The investment vehicles that have ruled for longer than the Queen

Laith Khalaf
23 May 2022

•    36 investment trusts still going today pre-date the Queen’s accession to the throne
•    Some investment trusts have had double platinum jubilees
•    But the reign of investment trusts has been usurped by unit trusts
•    Investment trusts v unit trusts- which are better for investors?

Laith Khalaf, head of investment analysis at AJ Bell, comments:

“Seventy years and counting is a pretty good innings for a monarch, but for some investment trusts, it’s only half the time they have been in existence. The UK investment trust industry can chart its history back to 1868, when Queen Victoria sat on the throne, and Foreign and Colonial Investment trust was launched.

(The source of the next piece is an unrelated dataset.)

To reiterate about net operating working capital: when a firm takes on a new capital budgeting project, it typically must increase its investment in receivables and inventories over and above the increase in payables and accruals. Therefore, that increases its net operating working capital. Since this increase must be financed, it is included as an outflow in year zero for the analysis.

The trust is still going strong today, having witnessed the reign of six British monarchs, though it’s investment focus is now global shares, rather than the overseas government bonds it held at launch. 

“In total, 36 investment trusts have been around since before Queen Elizabeth II acceded to the throne, including well-known trusts like Scottish Mortgage (launched 1909), City of London (1888) and Bankers trust (1888), though names and investment mandates may have changed over the years. Many of the first investment trusts were created in Scotland to house the wealth created by the jute boom in the latter half of the nineteenth century, and a good number retain their Scottish heritage through their names and their management today.

“Despite its longevity, the investment trust industry’s primacy has been usurped by a relatively young pretender in the form of unit trusts. The first such fund was launched by M&G in 1931, and today open-ended funds account for around £1.5 trillion of investment, compared to around £270 billion from investment trusts. Of course, the closed-ended nature of investment trusts limits their size compared to their open-ended cousins. Consider that after 150 years, the F&C Investment Trust is one of the biggest in the market, with assets of £5.6 billion, while the open-ended Fundsmith Equity is worth £25.5 billion, a little over a decade since it was launched.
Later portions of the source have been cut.